La constitution d’un cercle volontaire pour bâtir l’outil diplomatique européen est une initiative à mettre en débat

Le curseur entre la responsabilité collective européenne et celle des États en la matière peut se déplacer progressivement et ménager les zones d’orgueil national persistantes. Une fois la doctrine et le cadre institutionnel légitimés par la plus complète et solide procédure démocratique réservée aux grands choix institutionnels, une façon de réussir ce « glissement communautaire » vers une Europe diplomatique serait de laisser au Conseil Européen le soin de définir dans chaque cas les positions circonstanciées et les lignes d’intervention appropriées, tout en s’enfermant dans une obligation de s’entendre à la majorité et de façon immédiate et organisée pour rester au cœur des crises. Il en résulterait un accord à convenir avec les chefs d’État et de gouvernement de soutenir l’expression collective adoptée à 27 et plus, sans la doubler ou la concurrencer, mais en y apportant de façon toujours concertée et associée le poids des États et l’expérience des pays membres. Le président en exercice de l’Union serait alors la personne naturellement vouée à incarner la démarche ainsi organisée. On peut imaginer aussi que l’Union confie systématiquement à un chef de gouvernement ou à une personnalité européenne expérimentée, le soin de conduire le chantier diplomatique en question, au cas par cas, et d’en rendre compte au Conseil européen, en le dotant de la force de l’outil diplomatique de l’Union, associant toujours l’action humanitaire et juridique.

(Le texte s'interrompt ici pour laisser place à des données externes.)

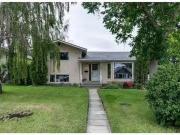 136 Holmwood Avenue Nw, Calgary, AB, T2K 2G8 house for sale.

Une vision renouvelée, une organisation volontariste et une capacité d’initiative opérationnelle sont les qualités attendues de la part d’une UE acteur mondial

Les leviers pour faire entrer l’UE dans le cercle des grandes puissances qui doivent s’atteler à remodeler l’ordre international, pour aider à sortir des conflits violents et prévenir les crises annoncées, sont identifiés. Le mandat européen qui s’ouvrira en 2024 devrait être l’occasion de traiter cette dimension vitale de notre projet collectif en l’inscrivant dans la vie commune.

Mais il y a deux conditions de crédibilité à cette évolution nécessaire. La première est de ne pas hésiter à prendre le relais des États-Unis dans le soutien à l’Ukraine, qui est aussi notre frontière et qui met à l’épreuve notre système de valeurs et notre cohérence institutionnelle. La deuxième condition indissociable est cette répartition des rôles à partager avec les États-Unis dans le conflit du Moyen-Orient, pour s’atteler à une solution palestinienne acceptable sur place.

Le défi est immense et on peut y inclure la construction d’un nouveau rapport avec l’Afrique et avec les BRICS. Il est le nôtre car s’il nous reste beaucoup à faire pour réguler le champ économique, en Europe et dans le monde, aucun électeur et aucun citoyen européen ne dira que c’est là la finalité du projet pour lequel on lui demande de déléguer un peu de sa souveraineté nationale, s’il n’y a pas pour ce faire une grande raison et une promesse sérieuse de faire plus et mieux que ce que chacun des États seul prétend apporter à ce jour. « La raison d’être européenne » trouvera sa justification dans cette capacité à aller plus loin que la prospérité et la paix interne, en s’attachant à bâtir l’ordre mondial où nos valeurs de solidarité, d’universalité des droits, de dignité et d’égalité entre les personnes trouveront à s’appliquer réellement. Tout semble en effet indiquer aujourd’hui que nous sommes en passe de régresser à moins que nous ne fassions notre affaire de ce que doit être l’ordre mondial du 21°siècle, négocié avec ceux qui veulent y occuper désormais toute leur place, légitimement. Tous ceux qui veulent la prospérité du monde, dont la paix est la condition première, sont nos partenaires et la démocratie grandira à travers notre propre exemplarité, dans et à l’extérieur de l’Union. Le projet européen se joue bien sur notre volonté à « refaire le monde ».